Q: “The standard Ford Credit Lease agreement already contains language around arbitration, potentially making this new arbitration agreement redundant. Has Ford considered possible objections by lemon law lawyers that an arbitration contract outside the lease terms violates the California single-document rule?”
  • A: Ford is convinced the arbitration contract does not violate the single-document rule in lease transactions.

  • The standalone arbitration agreement here is a separate transaction—i.e., not an agreement “of the lessor and lessee”—to which the single-document rule should apply, because it involves the arbitration obligations relating to Ford, a non-party to the lease contract. California law does not treat contracts involving third parties as “part of” a contract between some of the contracting parties. As a court has written, “The ‘single document’ rule cannot reasonably be read as requiring a lease agreement to detail a transaction that is not a part of the lease transaction.” LaChapelle v. Toyota Motor Credit Corp., 102 Cal. App. 4th 977, 986 (2002) (separate trade-in transaction that was not part of lease transaction did not violate single-document rule). The court continued, indicating that the purpose of the single-document rule is hindered “by compelling dealers to place terms of a separate transaction on the face of the lease agreement,” which “could only lead consumers to conclude, incorrectly, that the terms of the separate transaction have some bearing on the terms of the lease.” Id.

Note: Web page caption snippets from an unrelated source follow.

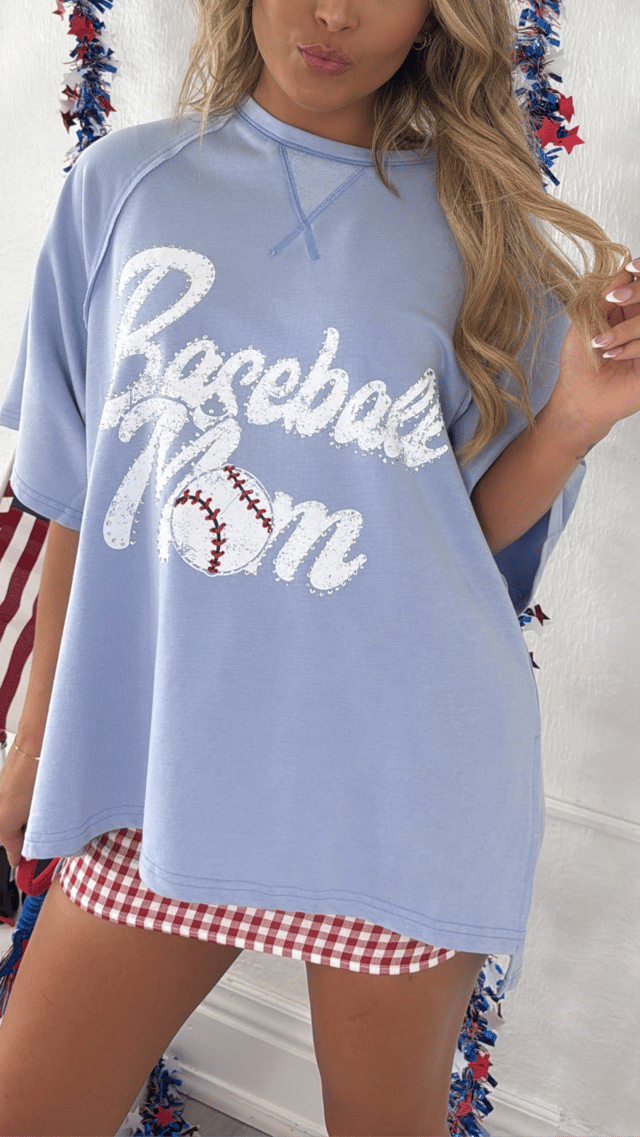 Baseball Mom Oversized Rhinestone Tee, Blue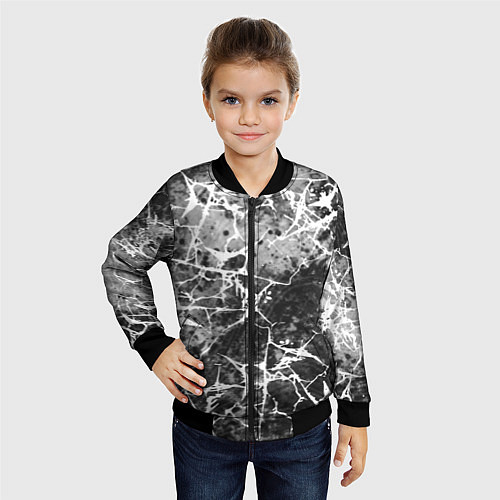 Детский бомбер Абстракция - белые трещины на сером фоне / 3D-Черный – фото 4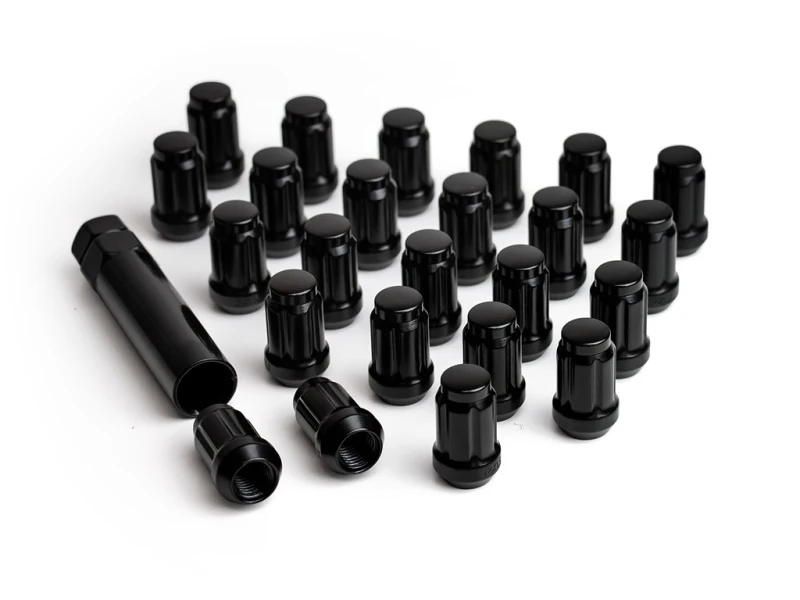ICON Alloys Radmutter-Set Schwarz - 14x1,5 - 24 Radmuttern mit Schlüssel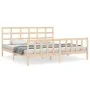 Bed frame with solid wood headboard 160x200 cm by vidaXL, Beds and slatted bases - Ref: Foro24-3192111, Price: 129,36 €, Disc...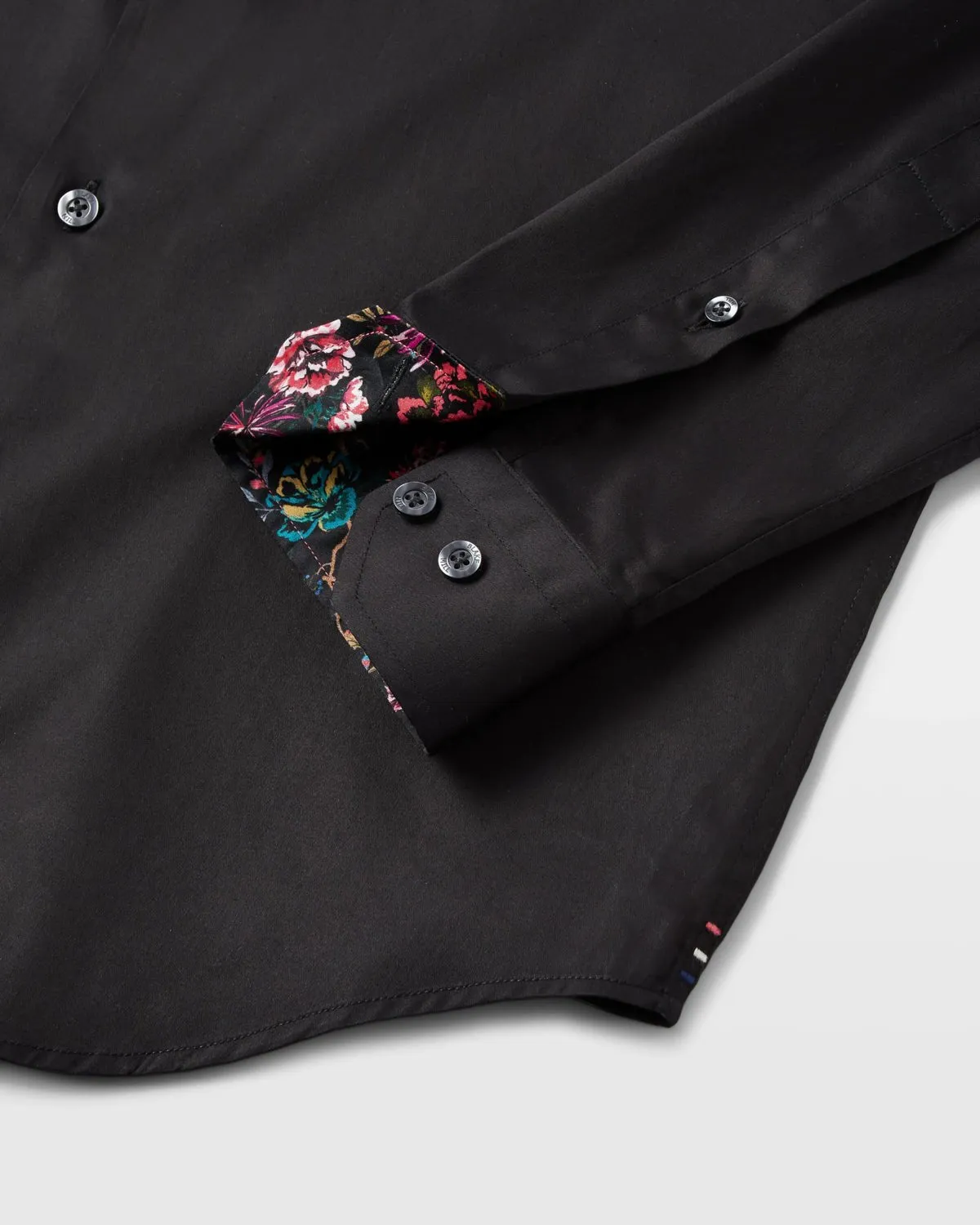 Black Sateen Shirt with Midnight Garden Accents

  • We see such separateness commonly in normal business and to interpret otherwise would preclude lessees from entering into their own agreements with Ford relating to their leased vehicles, such as software licensing and telematics agreements. Its separate nature is further underscored by the fact that it is voluntary on its face; not a necessary term or condition of the lease contract: the consumer has the option of opting out of the standalone agreement.

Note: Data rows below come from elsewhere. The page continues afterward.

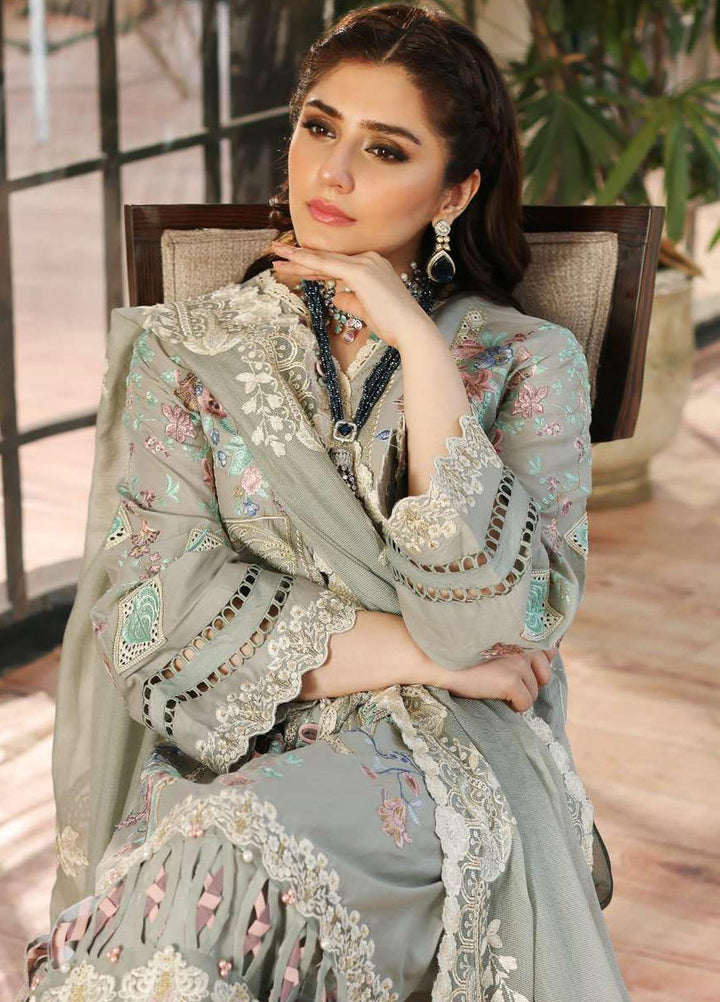 Kahf Embroidered Lawn Suits Unstitched 3 Piece KHF23LL KLC-02A - Luxury Summer Collection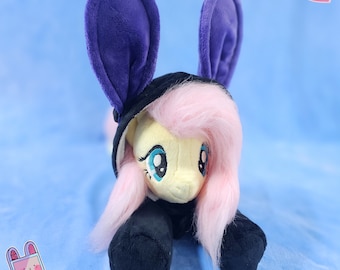 Fluttershy con orejas de conejito sudadera con capucha felpa - felpa de gorro hecho a mano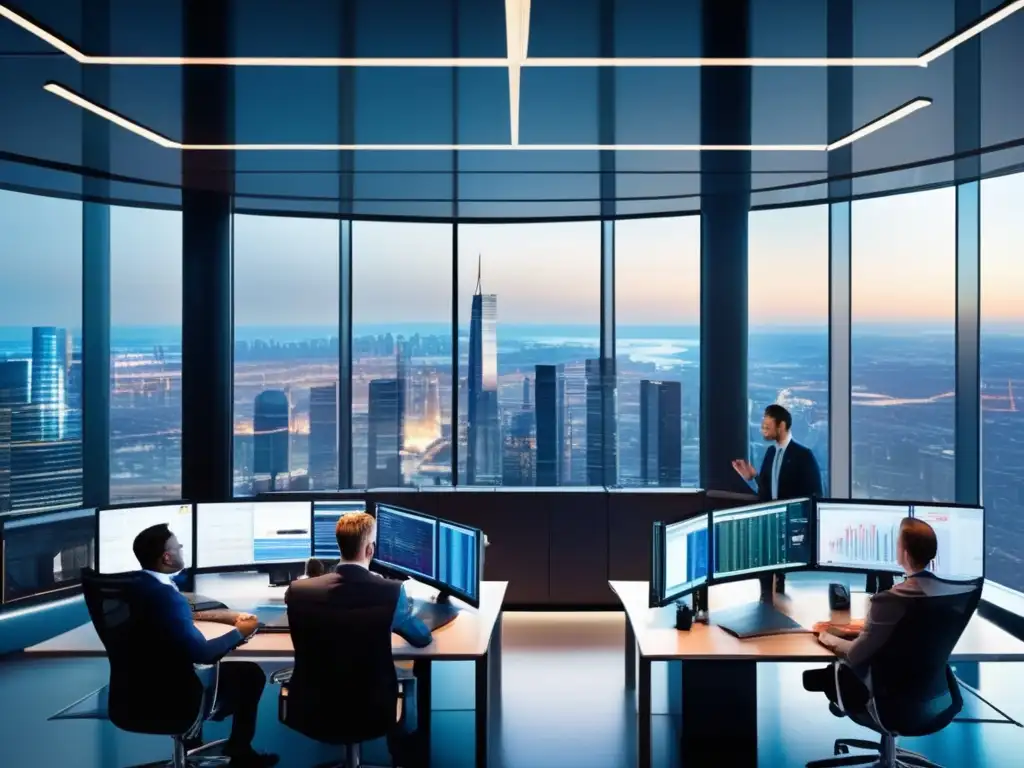 Sala de trading moderna y dinámica Sala de trading moderna con tecnología avanzada, traders analizando datos y tomando decisiones de inversión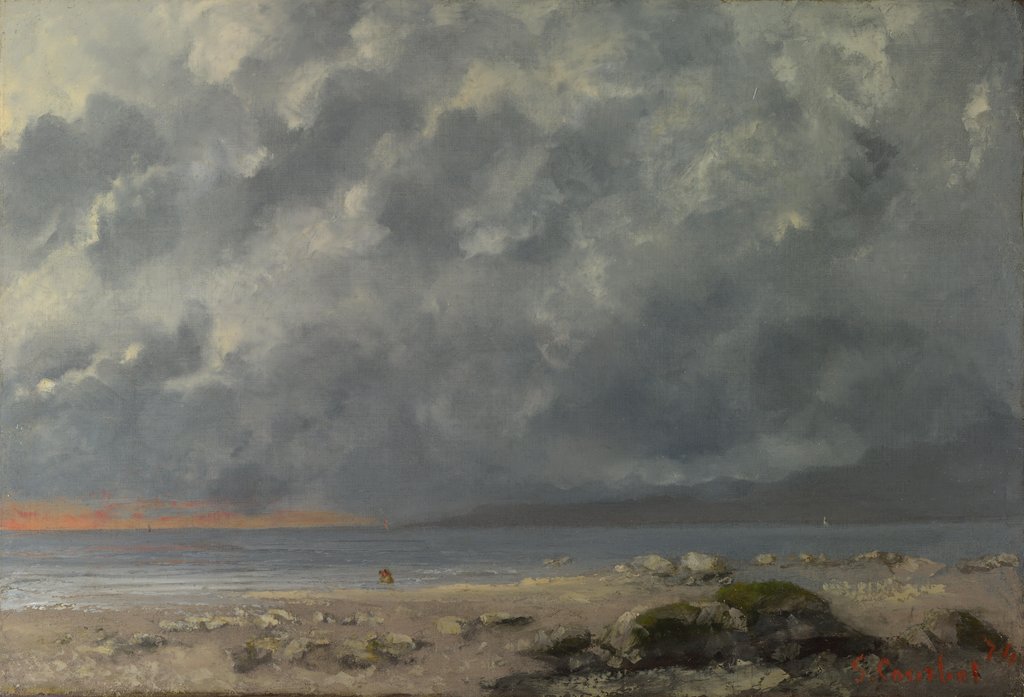 Detail of Beach Scene by Gustave Courbet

  • Even if the single-document rule were to apply to the limited extent that the standalone arbitration agreement relates, in part, to the arbitration obligations of the lessor and lessee, it would not be violated here. The lease contract already reflects the obligation of the lessor and lessee to arbitrate disputes between them. Consistent with that, the only California court to address this rule in the context of an arbitration agreement has held (in an unpublished portion of an opinion) that failure to include arbitration-provider’s rules in the lease contract does not violate the single-document rule. Gutierrez v. Autowest, Inc., No. A098704, p. 24 (Cal. Ct. App. Dec. 9, 2003) (see attached opinion).

  • Here, the lease-contract parties will have already obligated themselves to arbitrate their disputes in the lease contracts; a separate document laying out procedures and obligations relating to non-parties does not, therefore, violate the single-document rule.

  • Finally, liability for entering into an arbitration agreement under this rule for failure to place the agreement in a particular place (e.g., in the lease contract) would be preempted by the FAA because it would impose restrictions on grounds not applicable to contracts generally. 9 U.S.C. § 2 (arbitration agreements “shall be valid, irrevocable, and enforceable, save upon such grounds as exist at law or in equity for the revocation of any contract.”); see also Cal. Civ. Code § 2988.5(g) (“No provision of this section [addressing liability for failure to comply with § 2985.8] imposing any liability shall apply to any act done or omitted in good faith conformity with any rule, regulation or interpretation of federal law…”); Doctor's Assocs., Inc. v. Casarotto, 517 U.S. 681, 684, 688 (1996) (holding FAA preempted Montana statutory requirements that notice of arbitration agreements in a contract “be typed in underlined capital letters on the first page of the contract”).